Bone cancer pain is often insufficiently controlled by opioids (Mercadante and Arcuri, 1998; Portenoy et al., 1999). The FBC model is a good animal model for investigating the mechanisms of bone cancer pain (Honore et al., 2000; Minami et al., 2009), because this model mimics some clinical features of human bone cancer pain (Komiya et al., 1999; Pandit-Taskar et al., 2004). For example, pathological changes, such as bone destruction and nerve compression, appear within a few weeks after the implantation of tumour cells (Luger et al., 2002; Minami et al., 2009). Since we have reported that oxycodone has a unique analgesic profile as compared with other opioids in this model (Minami et al., 2009), the mechanism underlying the distinct analgesic effects of oxycodone in bone cancer pain can be investigated.

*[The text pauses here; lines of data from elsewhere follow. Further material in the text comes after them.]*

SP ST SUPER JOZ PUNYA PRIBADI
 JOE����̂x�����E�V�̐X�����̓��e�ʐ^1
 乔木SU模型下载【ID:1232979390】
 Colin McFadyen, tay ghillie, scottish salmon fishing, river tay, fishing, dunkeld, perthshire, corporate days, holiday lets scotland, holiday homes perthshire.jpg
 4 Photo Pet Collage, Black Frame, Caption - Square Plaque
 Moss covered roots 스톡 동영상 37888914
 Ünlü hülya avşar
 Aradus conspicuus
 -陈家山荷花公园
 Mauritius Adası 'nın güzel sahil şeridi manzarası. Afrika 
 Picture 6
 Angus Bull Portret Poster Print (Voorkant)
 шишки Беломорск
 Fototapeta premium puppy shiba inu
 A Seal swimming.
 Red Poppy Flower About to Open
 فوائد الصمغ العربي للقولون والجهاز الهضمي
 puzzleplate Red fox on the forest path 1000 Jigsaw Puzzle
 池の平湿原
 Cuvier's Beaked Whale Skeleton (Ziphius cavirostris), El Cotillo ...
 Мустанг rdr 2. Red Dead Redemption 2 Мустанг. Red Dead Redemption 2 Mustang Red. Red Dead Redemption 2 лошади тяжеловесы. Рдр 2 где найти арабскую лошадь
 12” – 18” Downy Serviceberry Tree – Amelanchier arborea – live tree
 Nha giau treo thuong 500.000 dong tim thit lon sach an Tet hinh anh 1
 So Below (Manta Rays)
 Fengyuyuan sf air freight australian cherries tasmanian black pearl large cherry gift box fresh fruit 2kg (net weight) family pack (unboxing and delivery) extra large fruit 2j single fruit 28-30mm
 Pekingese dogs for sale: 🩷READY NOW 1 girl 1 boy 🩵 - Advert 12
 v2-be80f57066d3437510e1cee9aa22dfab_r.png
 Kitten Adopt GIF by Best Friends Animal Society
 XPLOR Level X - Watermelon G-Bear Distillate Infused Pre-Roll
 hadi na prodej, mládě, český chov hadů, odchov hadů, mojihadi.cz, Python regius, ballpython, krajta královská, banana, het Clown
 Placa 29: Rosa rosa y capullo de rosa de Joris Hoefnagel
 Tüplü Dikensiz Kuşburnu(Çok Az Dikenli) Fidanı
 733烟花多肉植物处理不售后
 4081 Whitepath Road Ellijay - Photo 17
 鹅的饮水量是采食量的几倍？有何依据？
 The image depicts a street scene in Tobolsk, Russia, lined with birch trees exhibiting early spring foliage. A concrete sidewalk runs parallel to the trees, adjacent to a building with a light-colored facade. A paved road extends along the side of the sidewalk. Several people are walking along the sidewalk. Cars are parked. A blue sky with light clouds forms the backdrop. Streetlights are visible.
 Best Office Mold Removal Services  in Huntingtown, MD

In the receptor binding assay, FBC mice exhibited a marked decrease in the Bmax of [3H]-DAMGO binding without affecting the Kd in pain-related regions, indicating that the number of μ-opioid receptors on cell membranes was reduced in bone cancer pain. Yamamoto et al. (2008) reported that μ-opioid receptor levels were reduced in the spinal cord and dorsal root ganglion in bone cancer pain model mice. In this study, we also found a reduction in μ-opioid receptors, not only in the spinal site but also in the supraspinal region. The reduction in μ-opioid receptors may result from their phosphorylation and/or internalization with the continuous release of endogenous opioids. It has been reported that pain and electrical stimulation induces the release of endogenous opioids in the brain (Zangen et al., 1998; Zubieta et al., 2001), and the endogenous opioids rectify pain by stimulating the μ-opioid receptor as an internal compensation system. Although we did not measure endogenous opioid release in this model, perhaps such a change in the endogenous opioid level plays a role in the reduction in μ-opioid receptors on cell membranes in pain-related regions.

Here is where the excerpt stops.